Chapter 1. The Evolution of Data Analytics
Data processing has evolved continuously and considerably since its origins in mainframe computers. Figure 1-1 shows four distinct stages in the evolution of data analytics since 1990.
In the 1990s, Data Warehouse and relational database management system (RDBMS) technologies enabled organizations to store and analyze data on servers cost-effectively with satisfactory performance. Storage area networks (SANs) and network-attached storage (NAS) were common in these applications. But as data volumes continued to grow, the performance of this architecture became too expensive to scale.
Circa 2005, the distributed server cluster that utilized direct-attached storage (DAS) for better I/O performance offered a more affordable way to scale data analytics applications. Hadoop and MapReduce, which were specifically designed to take advantage of the parallel processing power available in clusters of servers, became increasingly popular. Although this architecture continues to be cost-effective for batch-oriented data analytics applications, it lacks the performance needed to process data streams in real time.
By 2010, the in-memory database became affordable owing to the ability to configure servers with terabytes of low-cost random-access memory (RAM).

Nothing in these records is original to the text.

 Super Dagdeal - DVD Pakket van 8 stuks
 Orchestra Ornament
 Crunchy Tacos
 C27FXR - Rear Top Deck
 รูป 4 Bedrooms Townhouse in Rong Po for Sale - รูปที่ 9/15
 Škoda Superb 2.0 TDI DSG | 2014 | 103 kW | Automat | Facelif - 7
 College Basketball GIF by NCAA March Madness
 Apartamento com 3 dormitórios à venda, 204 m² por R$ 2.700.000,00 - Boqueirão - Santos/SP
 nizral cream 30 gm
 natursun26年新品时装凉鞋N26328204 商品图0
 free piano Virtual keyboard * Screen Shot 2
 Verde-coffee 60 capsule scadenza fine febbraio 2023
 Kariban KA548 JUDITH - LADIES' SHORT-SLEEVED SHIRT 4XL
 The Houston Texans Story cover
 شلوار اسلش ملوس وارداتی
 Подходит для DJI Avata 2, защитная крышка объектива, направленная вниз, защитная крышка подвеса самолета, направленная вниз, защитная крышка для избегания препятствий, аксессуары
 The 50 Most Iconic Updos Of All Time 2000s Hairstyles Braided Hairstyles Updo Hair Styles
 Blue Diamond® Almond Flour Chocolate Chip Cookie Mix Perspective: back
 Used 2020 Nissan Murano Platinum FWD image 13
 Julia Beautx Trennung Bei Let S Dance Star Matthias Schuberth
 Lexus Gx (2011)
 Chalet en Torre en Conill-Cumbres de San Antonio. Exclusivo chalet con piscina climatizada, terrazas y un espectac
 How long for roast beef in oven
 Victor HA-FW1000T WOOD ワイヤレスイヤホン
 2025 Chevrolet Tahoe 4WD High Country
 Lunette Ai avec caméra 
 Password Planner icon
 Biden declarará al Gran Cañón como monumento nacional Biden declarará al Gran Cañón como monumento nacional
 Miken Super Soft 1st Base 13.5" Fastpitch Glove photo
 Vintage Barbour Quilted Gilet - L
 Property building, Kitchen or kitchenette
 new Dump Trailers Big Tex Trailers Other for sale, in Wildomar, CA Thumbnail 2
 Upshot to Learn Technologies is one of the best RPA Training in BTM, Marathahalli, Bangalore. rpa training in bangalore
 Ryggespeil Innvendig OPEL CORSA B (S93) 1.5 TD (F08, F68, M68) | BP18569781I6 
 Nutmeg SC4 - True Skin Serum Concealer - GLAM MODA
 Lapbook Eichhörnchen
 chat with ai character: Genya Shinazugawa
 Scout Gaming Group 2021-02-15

Given the dramatic increase in read/write access to RAM (100 nanoseconds versus 10 milliseconds for DAS), the improvement in performance was dramatic. But as with virtually all advances in performance, the bottleneck shifted—this time from I/O to compute for a growing number of applications.
This performance bottleneck has been overcome with the recent advent of GPU-accelerated compute. As is explained in Chapter 2, GPUs provide massively parallel processing power that we can scale both up and out to achieve unprecedented levels of performance and major improvements in price and performance in most database and data analytics applications.